Un épais brouillard entoure l'organisation de l'épreuve anticipée de mathématiques en basque pour les lycéens de première. Vendredi 29 mai, la Fédération des écoles immersives en langue basque a annoncé avoir reçu l'autorisation nécessaire pour que les candidats passent cette discipline dans la langue régionale dès la session en cours. Cette déclaration a été immédiatement contredite par le ministre de l'Éducation nationale, qui a démenti l'information dans la soirée.

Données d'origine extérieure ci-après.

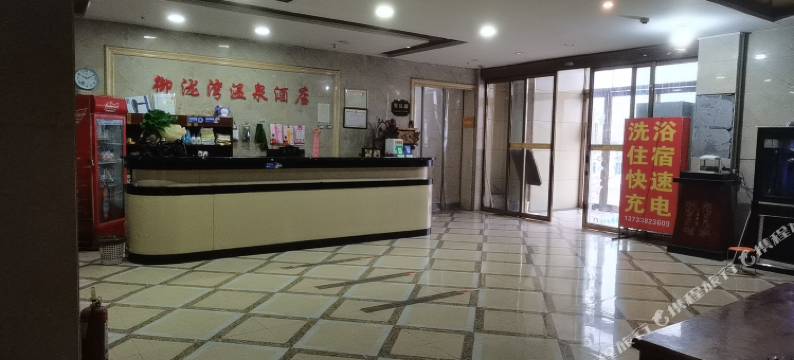 御泷湾温泉酒店图片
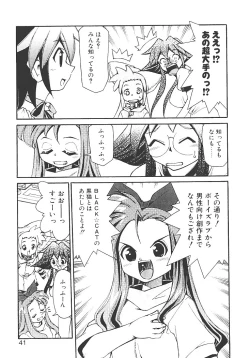 Page 45 of Akihabara e Youkoso!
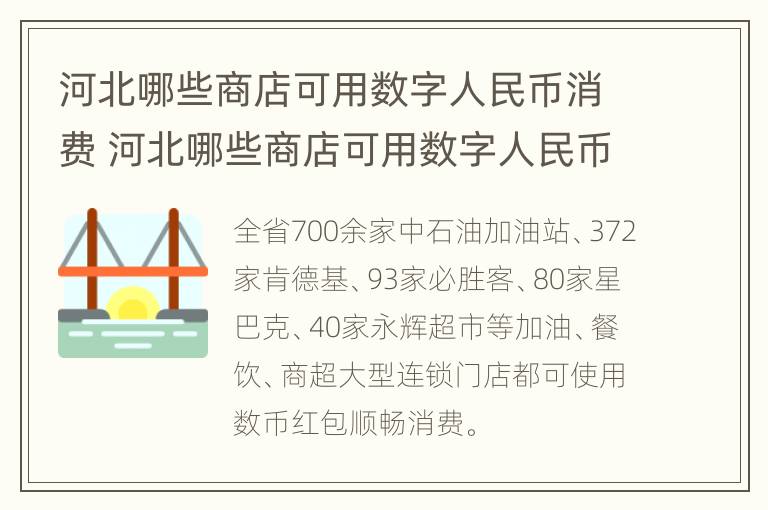 河北哪些商店可用数字人民币消费 河北哪些商店可用数字人民币消费的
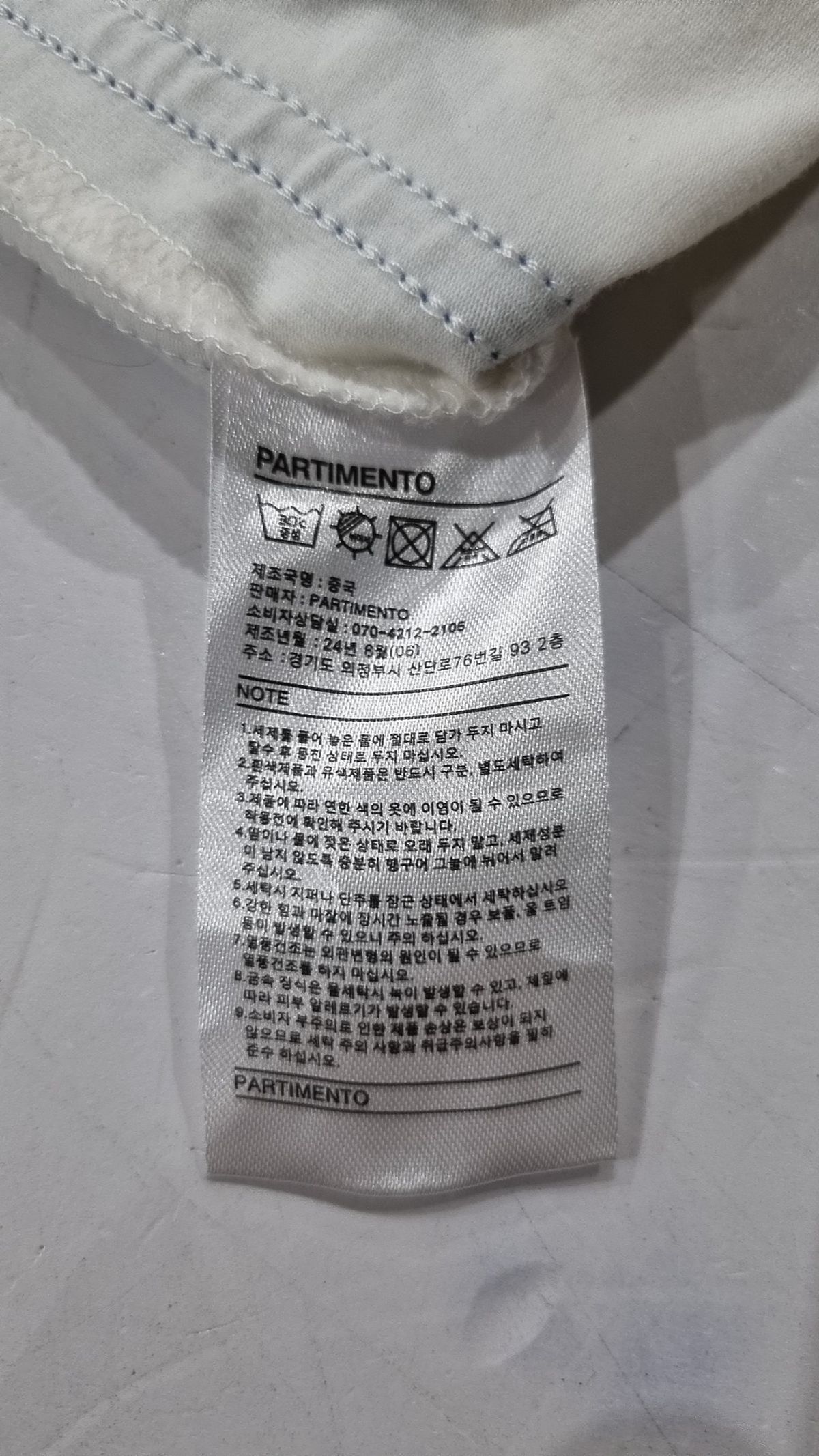 파르티멘토(PARTIMENTO) 반소매 티셔츠 FREE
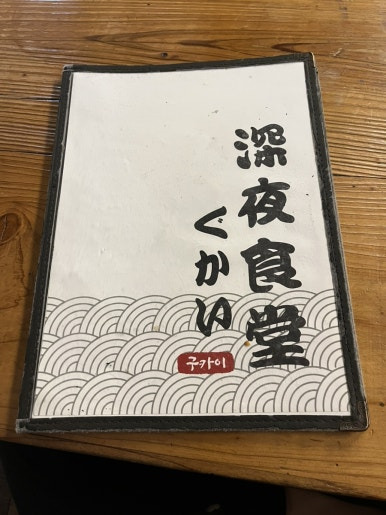 심야식당구카이 이미지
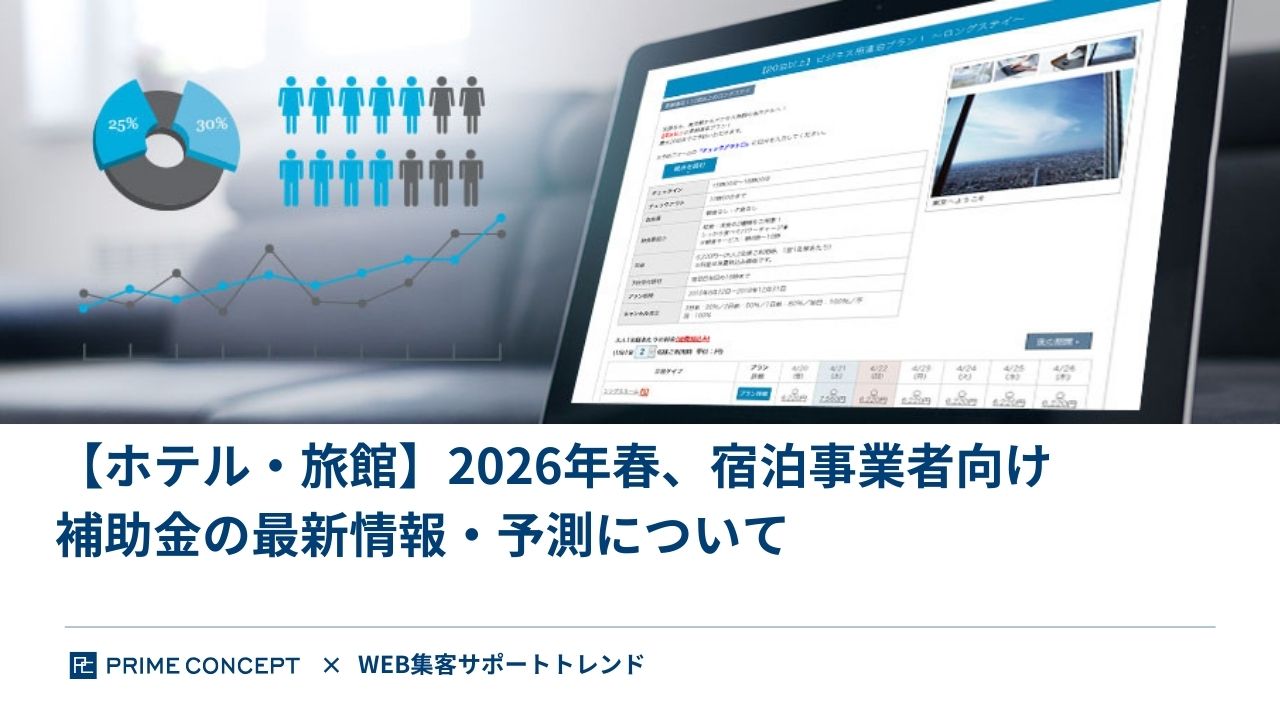 【補助金】2026年春、宿泊事業者向け補助金の最新情報・予測について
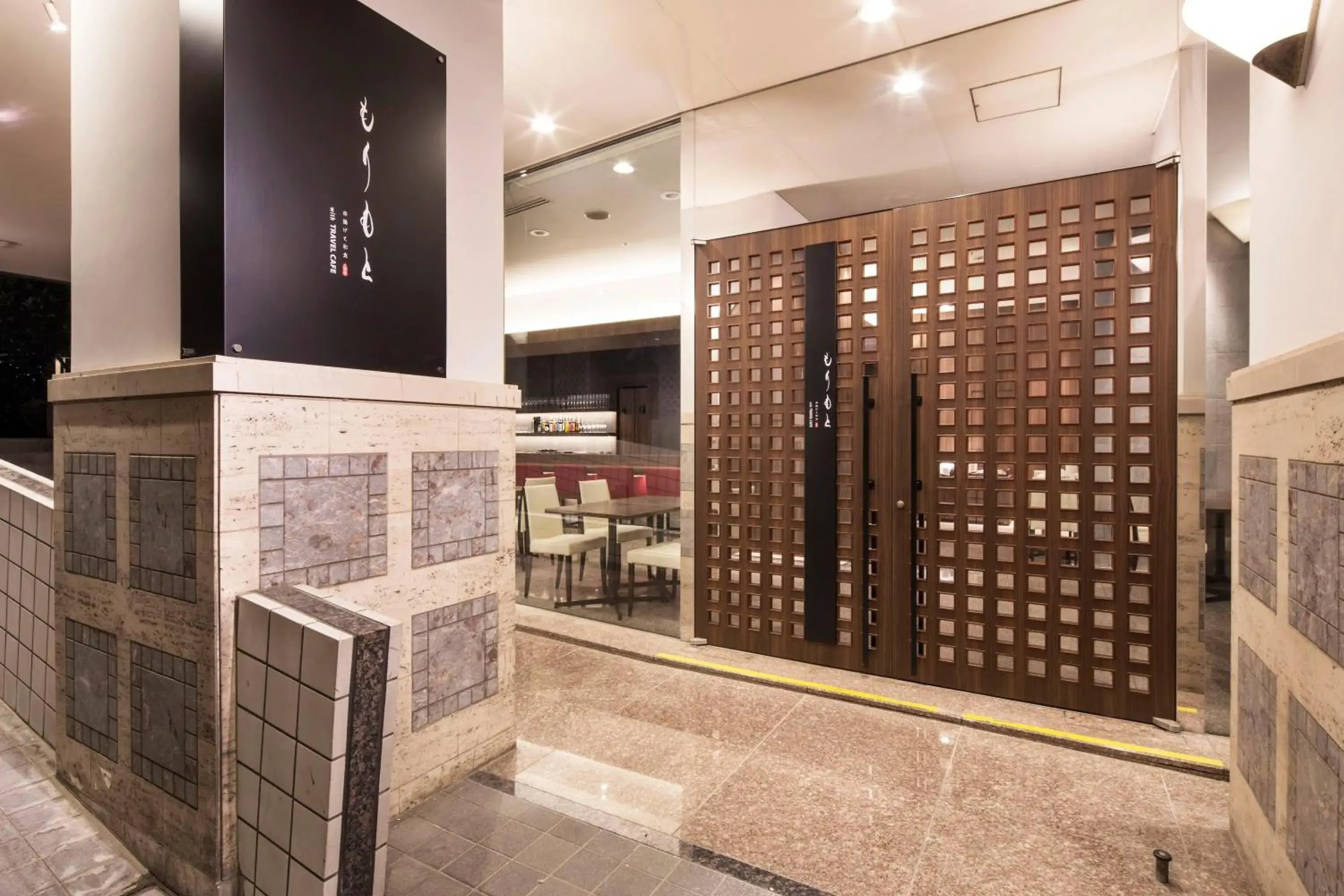 Restaurant/places to eat, Lobby/Reception in Hotel Mystays Premier Hamamatsucho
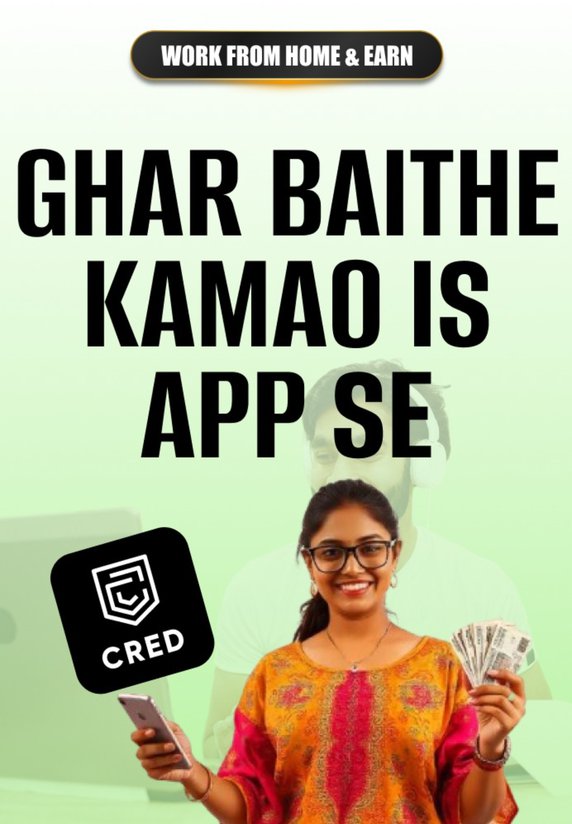 Ghar Baithe Kamao Is App Se
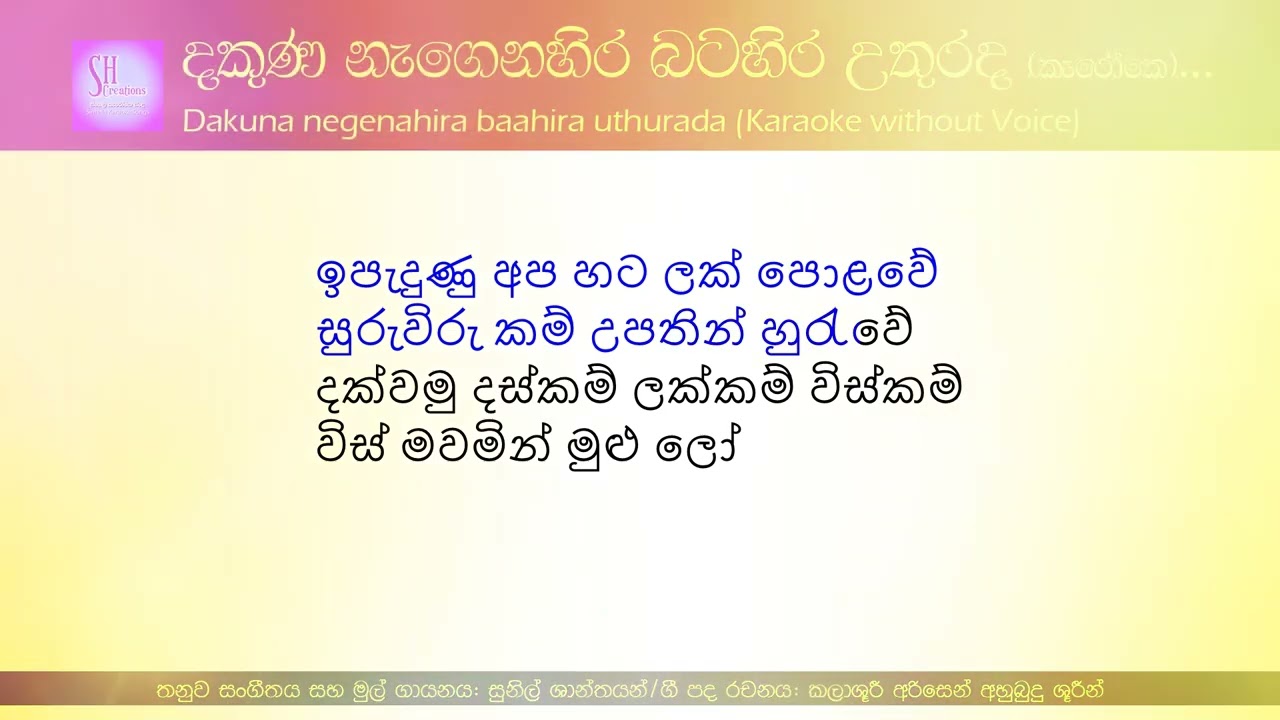 දකුණ නැගෙනහිර බටහිර උතුරද_Dakuna negenahira_[Sunil Shantha]_Karaoke without voice/Lyrics play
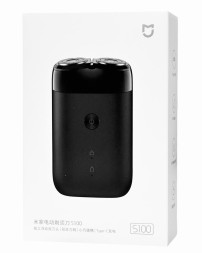 Электробритва Mijia S100 NUN4062CN черный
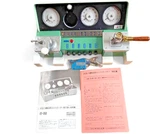 Kato 22-050 ECS-1 Station Box Unit Power Pack Scale Controller Japan Used. Price: $1579.48.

Les deux positions créent une situation de flou pour les familles et les établissements concernés. La fédération, qui regroupe notamment les ikastola (écoles associatives immersives), affirmait que l'accord avait été obtenu auprès des services du ministère. De son côté, le locataire de la rue de Grenelle a opposé un démenti net, sans toutefois apporter de précisions sur le calendrier ou les conditions d'une éventuelle mise en œuvre.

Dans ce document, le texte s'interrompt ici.